[Extracted data]

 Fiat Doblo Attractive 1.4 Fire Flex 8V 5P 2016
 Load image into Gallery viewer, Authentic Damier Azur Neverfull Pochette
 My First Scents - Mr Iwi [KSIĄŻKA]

[/Extracted data]
[Extracted data]

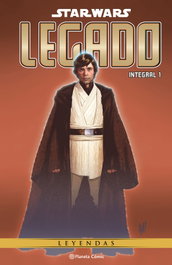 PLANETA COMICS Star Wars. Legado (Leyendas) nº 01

[/Extracted data]
[Extracted data]

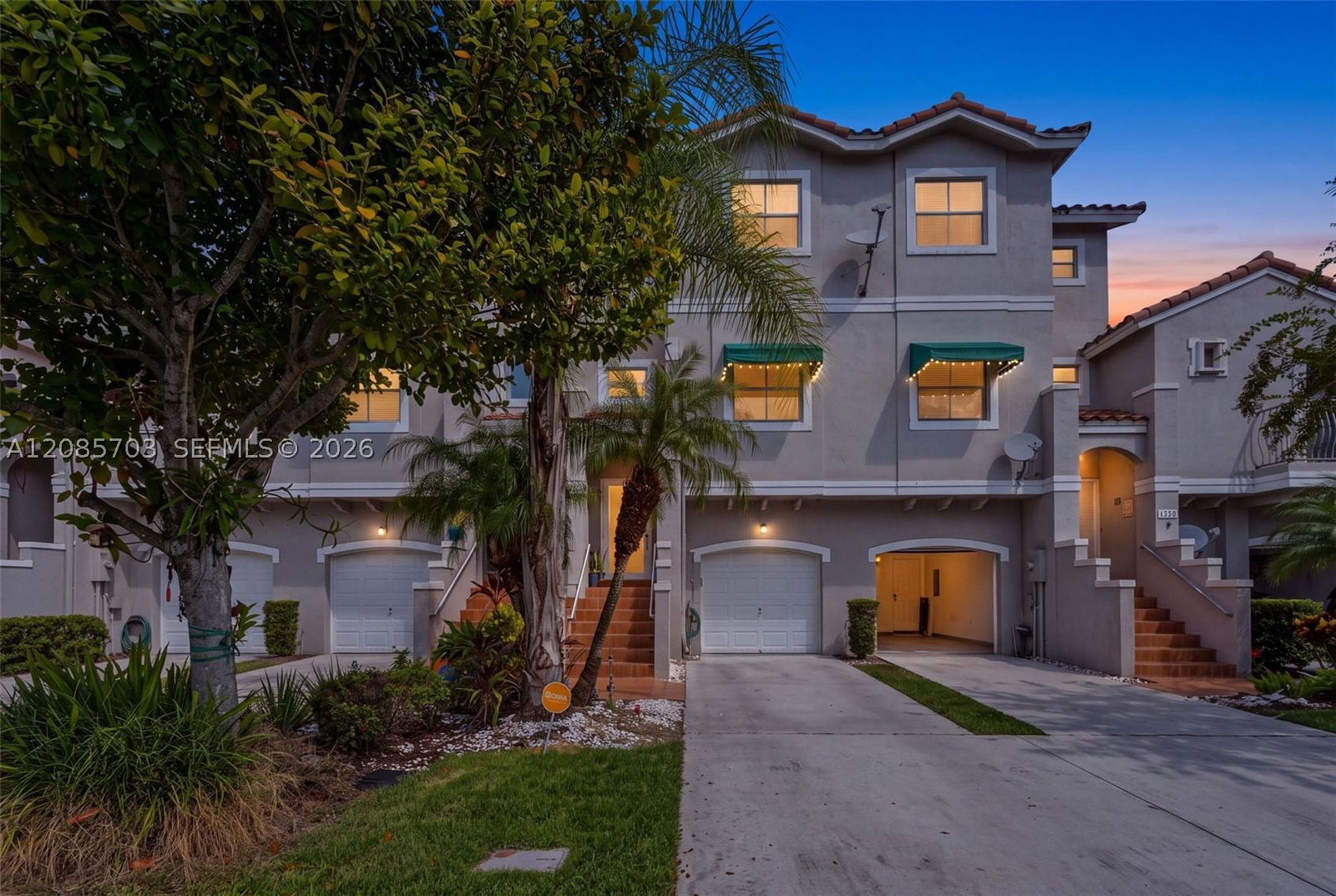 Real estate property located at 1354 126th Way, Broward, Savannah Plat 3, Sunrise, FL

[/Extracted data]

# To do:
Of the lines above, output exactly those from the line bearing "Fiat Doblo Attractive" through the line bearing "My First Scents - Mr Iwi [KSIĄŻKA]", inclusive.

# Exercise result:
 Fiat Doblo Attractive 1.4 Fire Flex 8V 5P 2016
 Load image into Gallery viewer, Authentic Damier Azur Neverfull Pochette
 My First Scents - Mr Iwi [KSIĄŻKA]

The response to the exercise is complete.